Is that a real question? Is this girl dissociating? “You are indeed.”

“They’ll be here soon,” says Amy. “Then you’ll know.”

“Know what?”

Amy’s lip curls. “The truth.”

Okay. This is going to be a long shift, Renly. Just as well you perfected apathy in your teens. Indifference is your middle name. Well, actually it’s Barbarella. But the point is, Chocolat was very clear about what was expected and it all boils down to ignoring everything weird that happens in this place. You can do that. You’re good at not caring. You’ve worked in retail before.

Still, Chocolat had been very insistent, in an odd, vaguely manic and very smiley way. “The Red Nebula is our most popular interstellar feed,” she’d told you that five times on the first shift. “We have showings every other day. We sell all-day tickets and send in the drones to deliver refreshments. Gene – you’ll meet him soon – he’s in charge of cleaning the viewing room once the patrons leave. You can imagine, after sixteen hours, things get a bit messy.” Chocolat grimaced delicately.

“Sixteen hours? People really stay in there that long? What about bathroom breaks?” Or catching their flights? Aren’t people meant to leave this space port?

Chocolat gave a full body wince. “Like I said. It gets messy. The nebula is said to be absolutely captivating. Once you see it. Well. You can’t pull yourself away.
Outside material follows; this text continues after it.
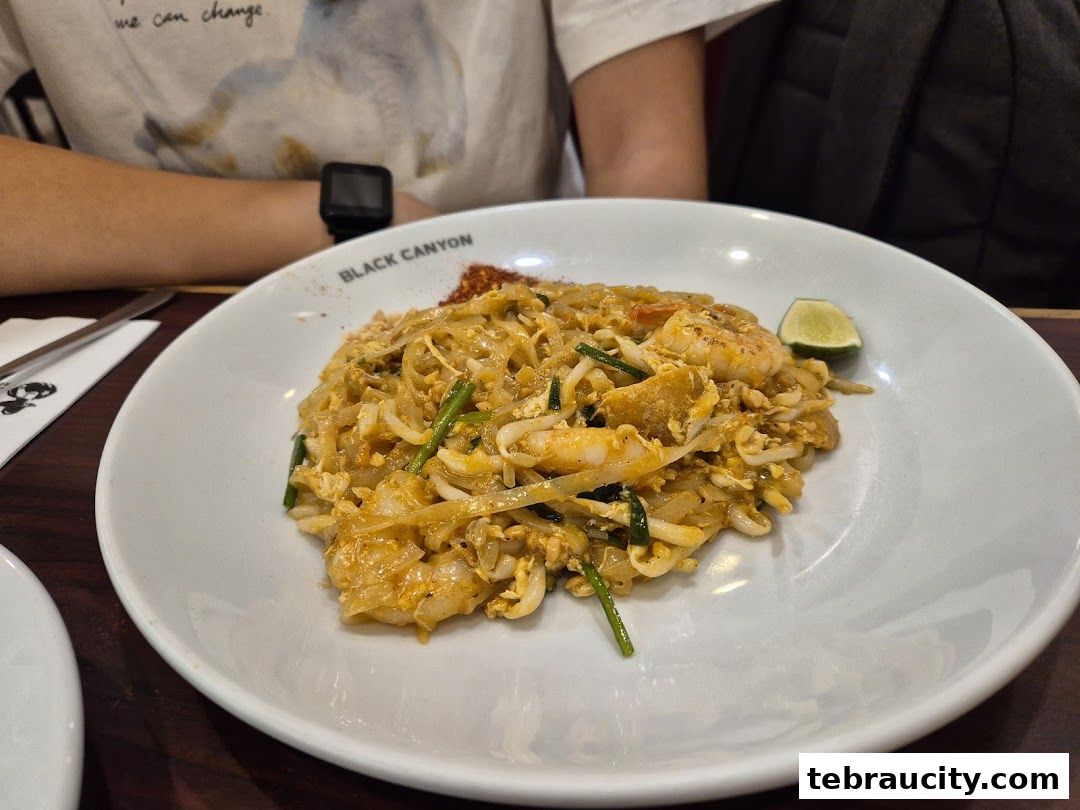 A plate of Pad Thai with shrimp and a lime wedge, served at Restoran Black Canyon.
We send in android helpers to deal with medical emergencies.”

What? “Medical emergencies.”

“Yes,” Chocolat sounds a bit too chipper. “I’m told viewing the nebula is a transformative experience! Once in a lifetime! Literally, sometimes. We have a lot of people suffering hypoglycaemic comas. Strokes are common. Seizures are less common, but we get those too.”
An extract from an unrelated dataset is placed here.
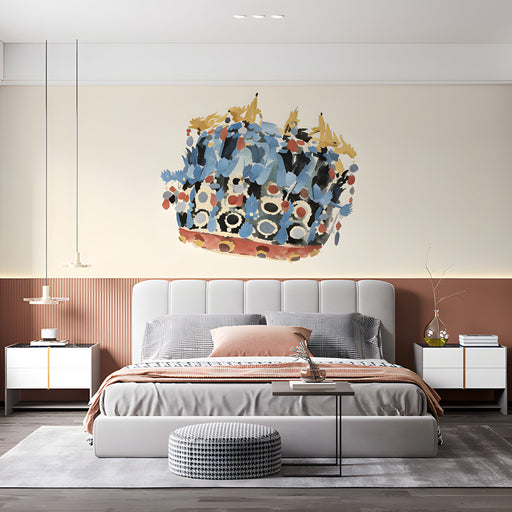 Elegant bedroom space with a hand-painted style crown mural above a mahogany desk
That’s nice. Variety in medical emergency is important. “All that from looking at space gas?” you ask.

Chocolat scowled. “The nebula is more than simple space gas. Red Neb is the pillar of creation! It is life!” – it’s actually possible to hear the pop of each exclamation mark as she speaks. That’s impressive – “You have to feed life, to bring it forth, Renly,” Chocolat scolds, intoning seriously, “Life is hunger.”
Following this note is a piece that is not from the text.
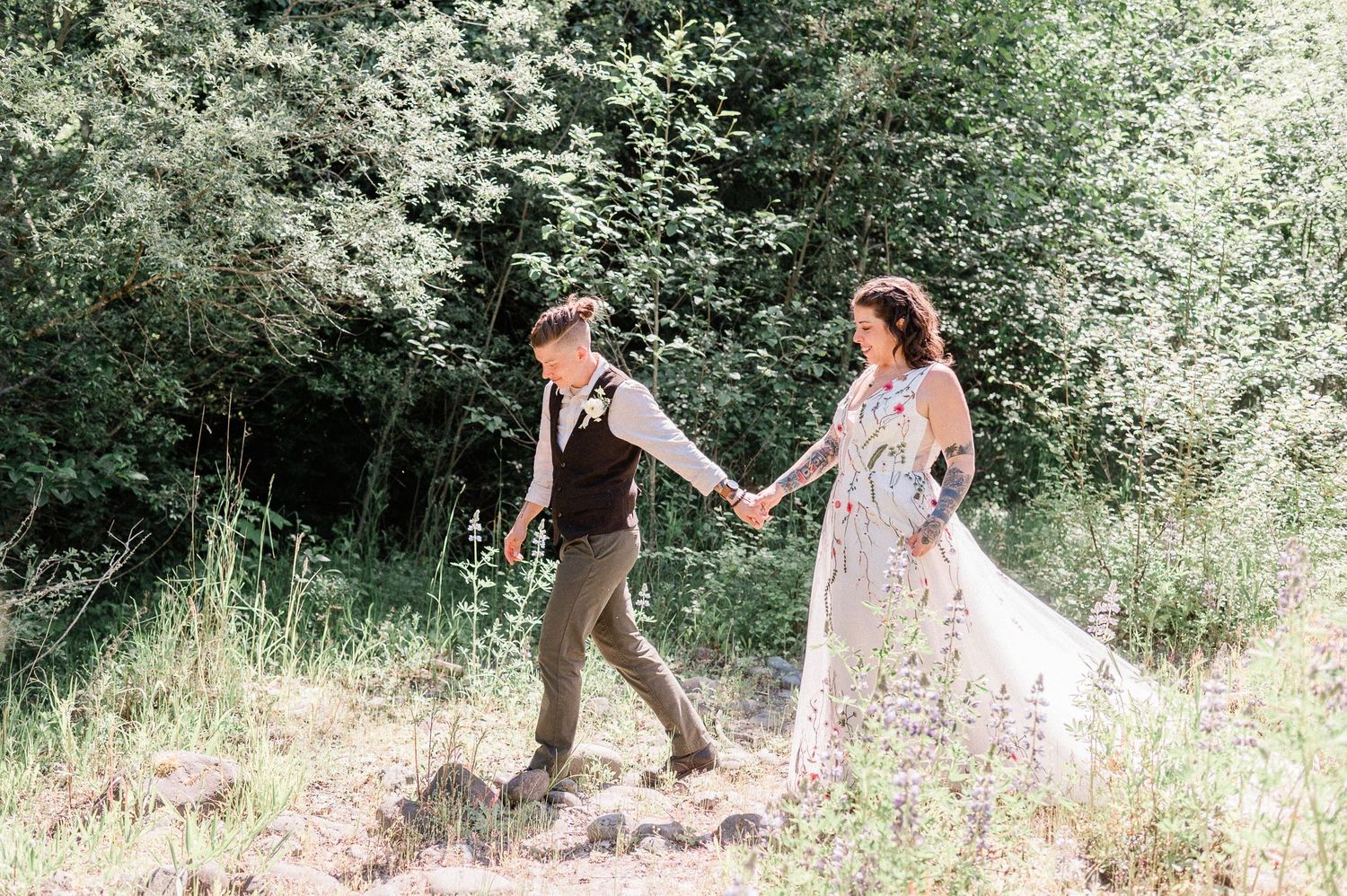Two brides walking hand in had through flowers on a sunny day in Washington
“Right. Life is hunger. Got it.”

Chocolat smiles. Her eyes dart. “Good. Good. It’s good that you understand. Understanding is important.” Nod. Nod. Nod. Jangle, jangle.

Smile, Renly. Remember to talk with your teeth. “Absolutely. We’re definitely on the same page here.”

“Excellent! Now, it’s important you understand this one thing. Red Neb is not for your eyes. You must never, ever, go into the feed room. The experience is only for paying customers.”

You hear that, Renly? The coma theatre is not for you. However will you survive? Ha. Probably a lot better than the poor suckers who pay to soil themselves and die. Seriously, space brings out the nut in everyone.

Look out. Daydream over. Someone’s coming. Get a look at this guy. He looks so…moist and sweaty. Is he sick? How’d he’d get by security? Sick people aren’t allowed in the Hub. He walks like a zombie. Oh, look at that. His fingernails are all black. Gross. And now he’s gone and got his greasy mitts all over the counter. You just polished that!

“I’m here for Red Neb.”

“I’m sorry, sir. The showing doesn’t start for another hour.”

Do you think this guy has an eye condition? They’re really bloodshot. And sort of crazed. In a glassy, half-dead sort of way. “I’m here for Red Neb.” And now he’s repeating himself. Whizz-oh.

“I understand that, sir, but —”

“Just charge him and let him in,” says Amy. She’s standing in the corner in front of the drinks machine with her arms wrapped around her middle. “He’s a regular,” she adds quietly.

Great. Smile, Renly. “Please extend your arm, sir, and I’ll swipe your barcode.” Oh, look at that. He’s shaking. This isn’t disturbing at all.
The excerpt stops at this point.